---------- Task inputs
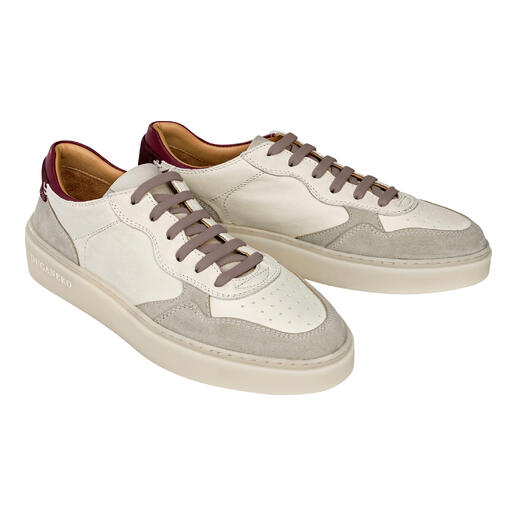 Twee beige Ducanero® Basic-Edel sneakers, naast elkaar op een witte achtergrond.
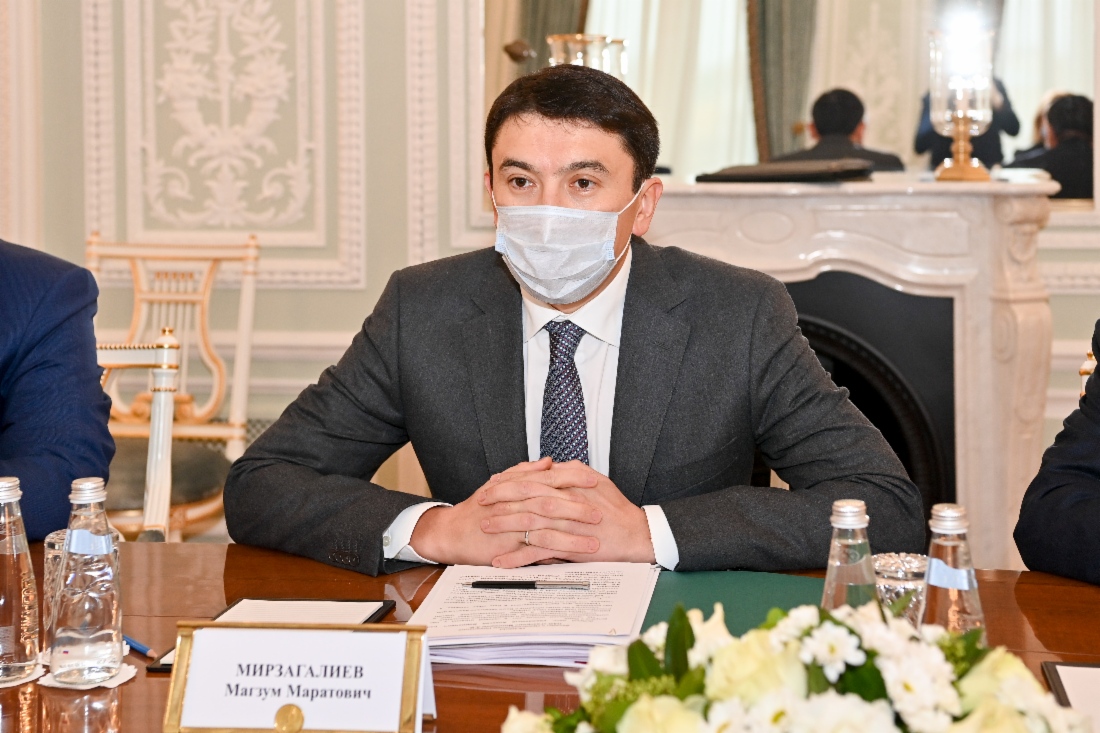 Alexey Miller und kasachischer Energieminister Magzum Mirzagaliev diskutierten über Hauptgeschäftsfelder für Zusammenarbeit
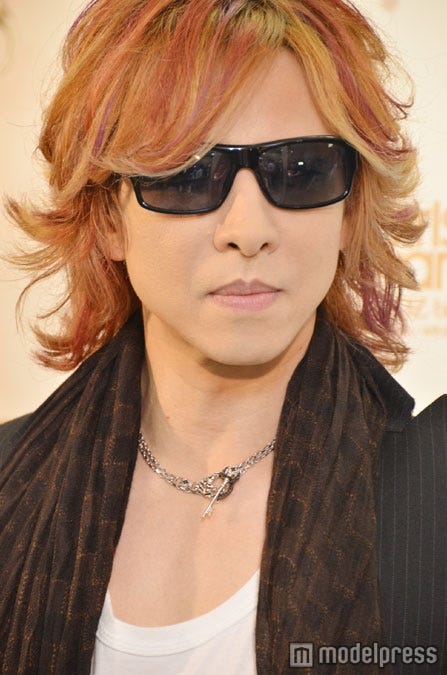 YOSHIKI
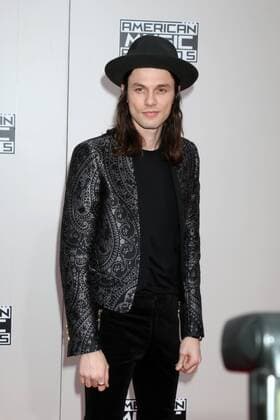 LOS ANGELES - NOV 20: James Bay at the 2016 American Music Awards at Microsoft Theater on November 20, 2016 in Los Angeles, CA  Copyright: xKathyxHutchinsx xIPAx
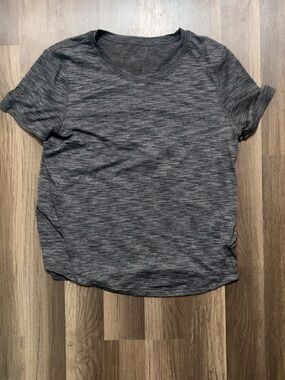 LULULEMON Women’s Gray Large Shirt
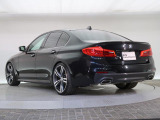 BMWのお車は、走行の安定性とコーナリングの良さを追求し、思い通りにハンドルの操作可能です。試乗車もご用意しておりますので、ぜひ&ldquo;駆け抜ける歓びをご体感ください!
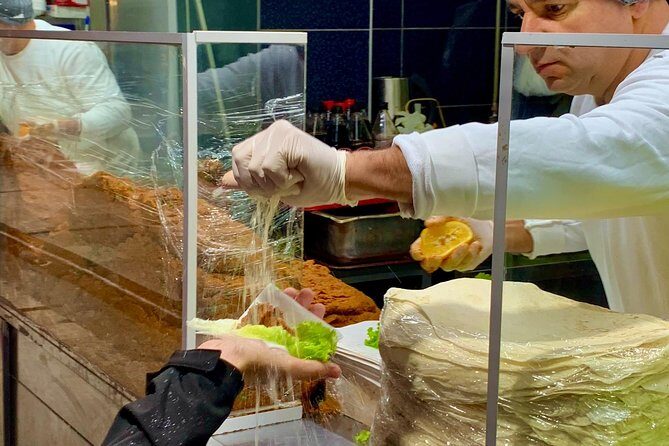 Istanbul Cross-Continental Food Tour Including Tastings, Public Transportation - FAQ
--------------------
Task to carry out
Only the pictures may be dropped when you copy the data above; everything else stays exact.

Written answer
 Twee beige Ducanero® Basic-Edel sneakers, naast elkaar op een witte achtergrond.
 Alexey Miller und kasachischer Energieminister Magzum Mirzagaliev diskutierten über Hauptgeschäftsfelder für Zusammenarbeit
 YOSHIKI
 LOS ANGELES - NOV 20: James Bay at the 2016 American Music Awards at Microsoft Theater on November 20, 2016 in Los Angeles, CA  Copyright: xKathyxHutchinsx xIPAx
 LULULEMON Women’s Gray Large Shirt
 BMWのお車は、走行の安定性とコーナリングの良さを追求し、思い通りにハンドルの操作可能です。試乗車もご用意しておりますので、ぜひ&ldquo;駆け抜ける歓びをご体感ください!
 Istanbul Cross-Continental Food Tour Including Tastings, Public Transportation - FAQ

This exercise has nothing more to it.